Assured Tenancies and SATs
Again, we will lose, for the time being, 2 notice periods and get 3 in their place as follows:
- 2 Months
Ground 9 (alternative accommodation)
- 3 months
Ground 1 (landlord wants to live in the property) and Ground 15 (anti-social behaviour)
- 6 months
Grounds 2 to 8 with ground 8 being the former mandatory rent arrears ground of 3months or more rent arrears. Grounds 10 to 14 which includes the 2 other rent arrears grounds and where a tenant gives notice to quit and then doesn’t remove. As well as grounds 16 (condition of the furniture deteriorated) and 17 (no longer employee of landlord).
A 6 month notice period will also apply to any notices issued to terminate a SAT under section 33 rather than the current 2 months.

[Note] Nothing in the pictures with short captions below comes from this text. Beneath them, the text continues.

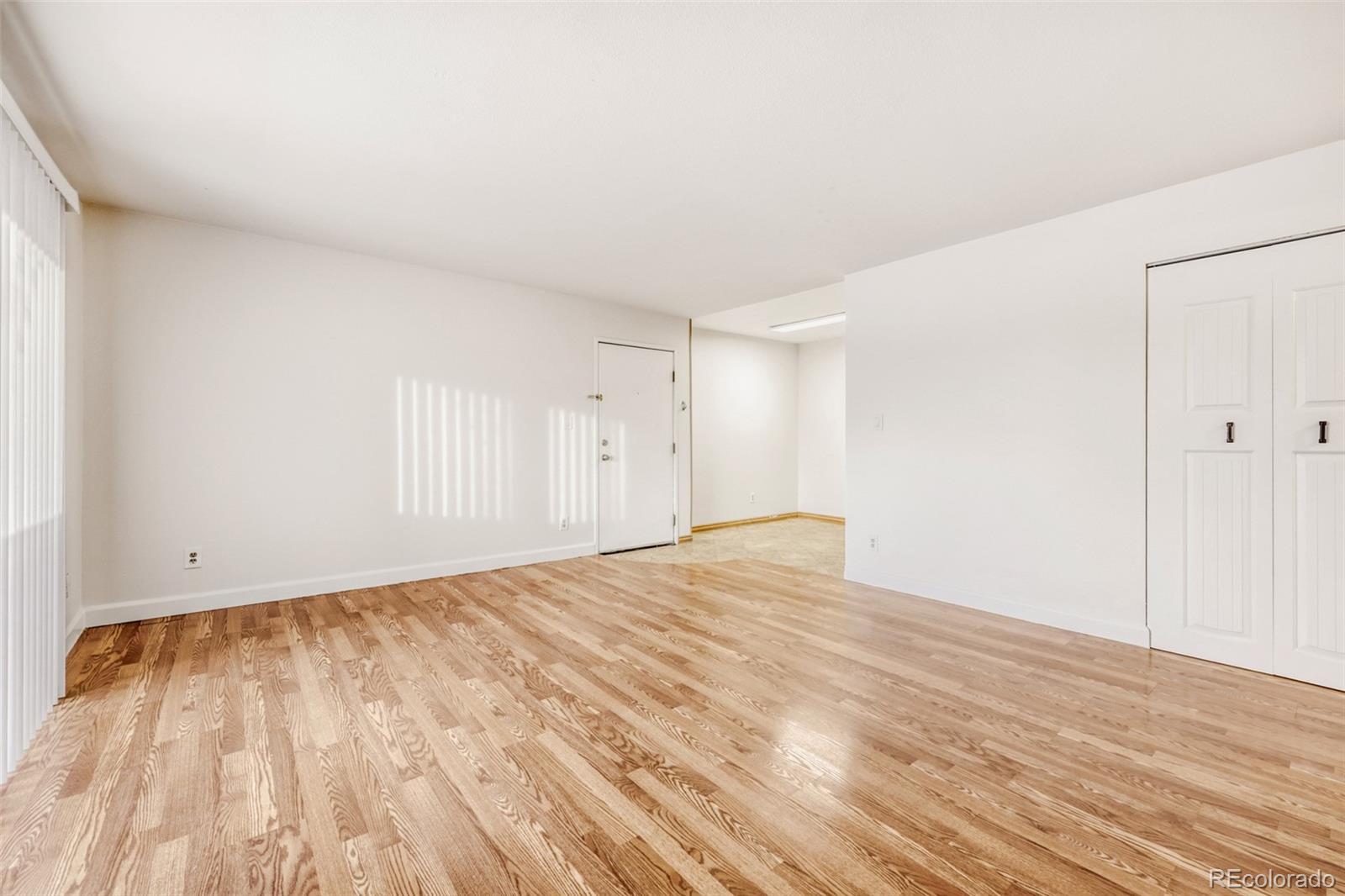 MLS Image #3 for 10211  ura lane,thornton, Colorado
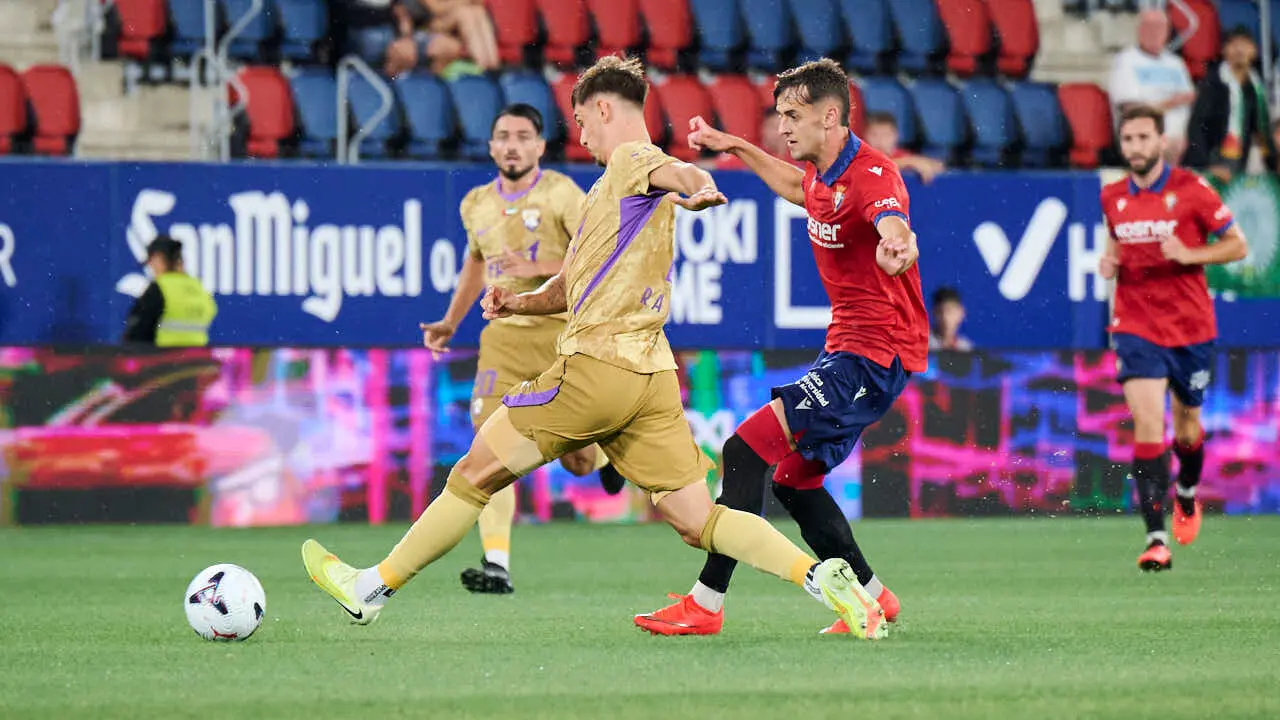 Osasuna se enfrenta al Al-Ain en el Sadar durante la pre temporada 2026-2027. PABLO LASAOSA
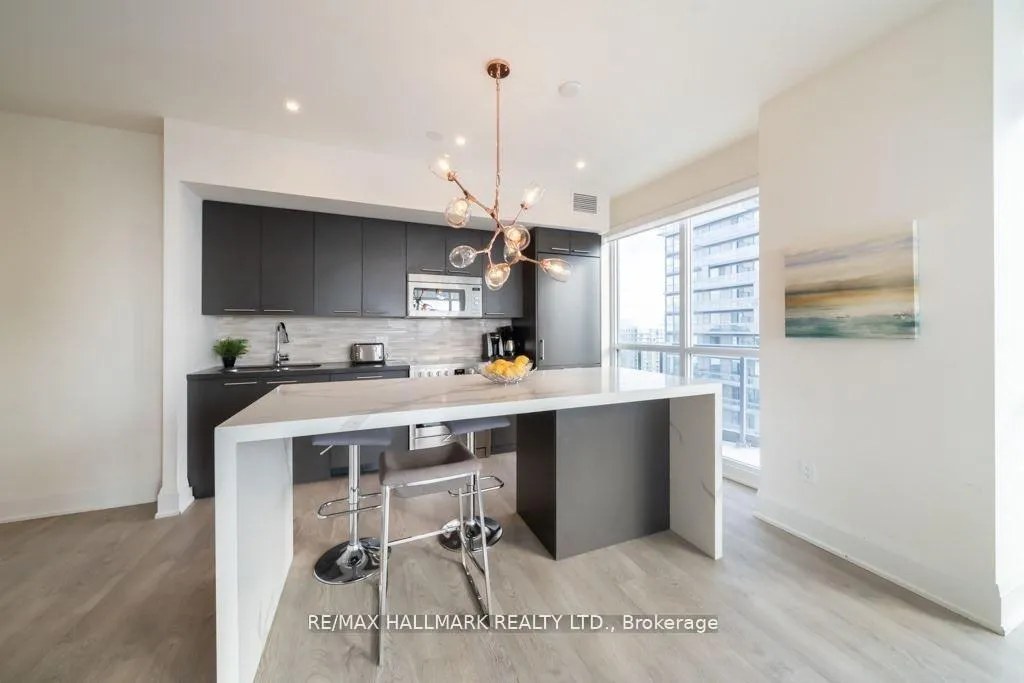 Photo 6 of Unit PH01, 30 Roehampton Avenue, Toronto, Mount Pleasant East — HOMEH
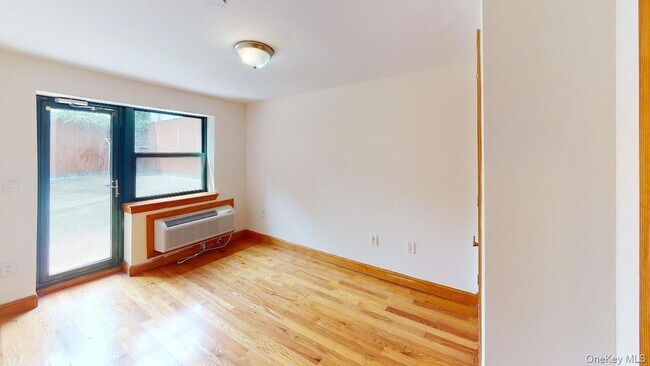 Building Photo - 84-14 143rd St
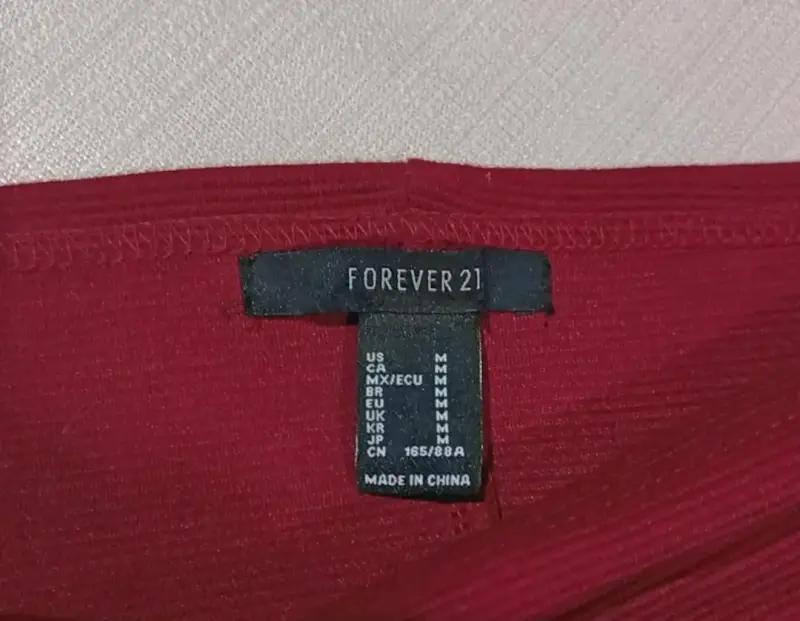 Vestido burdeos Forever 21 con cinturón - 2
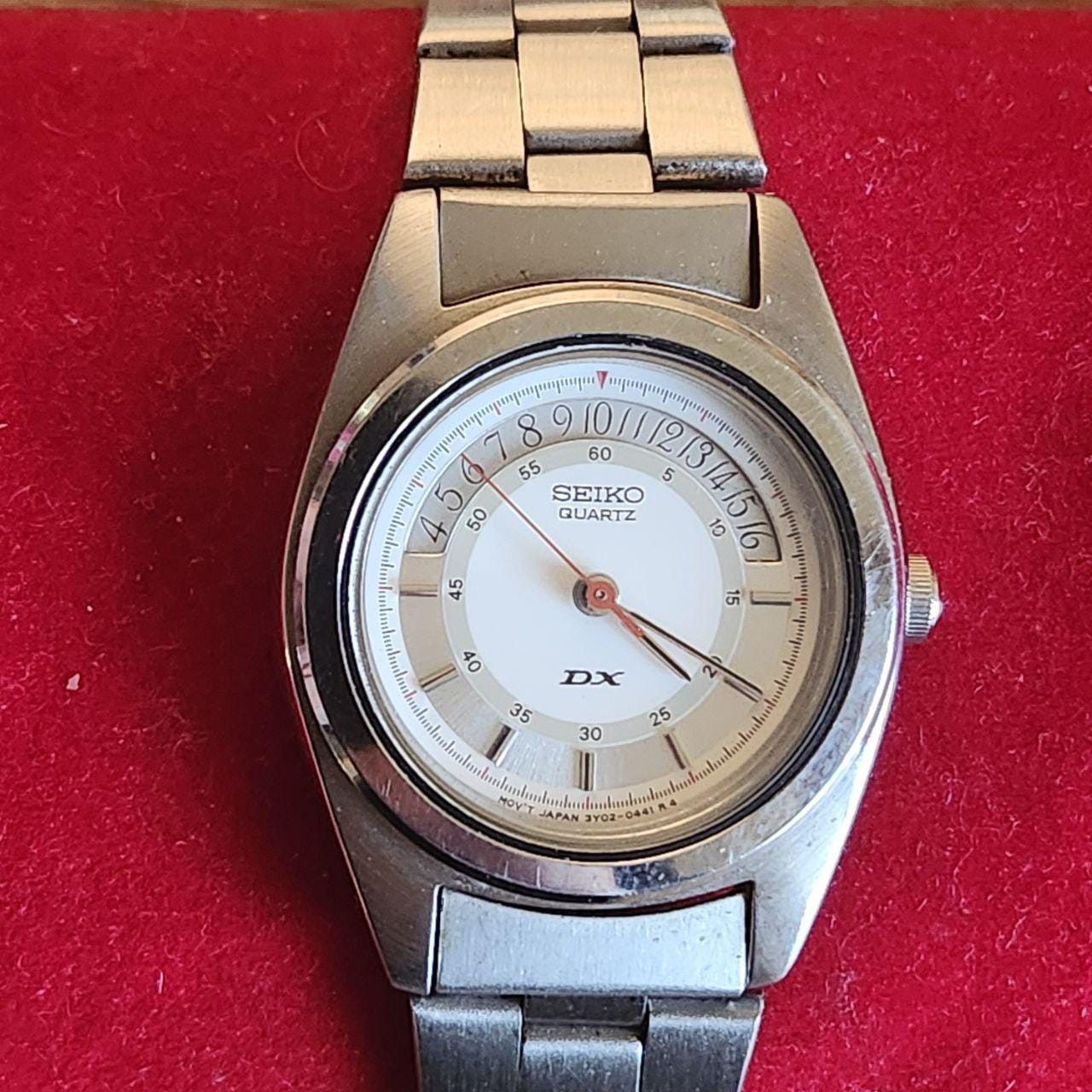 Seiko DX Quartz 3Y02-0211 Women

Whilst there are no new statutory forms prepared such as the Notice to Leave or the AT6 there are ancillary provisions to the effect that they are to be read as if they had been changed in certain respects. There are also further provisions to explain how to calculate these new notice periods.
As detailed above, these new provisions only apply to notices served after the legislation comes into force. It should not affect older notices served prior to the COVID-19 outbreak.
Despite what some tenants may think, rent remains payable under any lease and there appear to be no restrictions on landlords seeking payment orders against defaulting tenants and seeking to enforce those in the usual way during the currency of the new legislation.
The changes apply regardless of the reasons for seeking possession (whether or not that in any way relates to coronavirus). Were the changes necessary as, from a practical perspective, landlords can’t evict tenants anyway due to the shut down of the First-tier Tribunal: Housing and Property Chamber until June at the earliest? The knock-on delays caused by the postponement of the current business of the tribunal and the inevitable backlog in applications mean that it will be many months after the tribunal eventually reopens before cases will be dealt with anyway.
Whilst this is set as temporary legislation made in an emergency situation, it remains to be seen how quickly after the COVID-19 outbreak has ended that the Scottish Government will reverse these changes and whether we will be left with them well after the chaos of coronavirus has disappeared.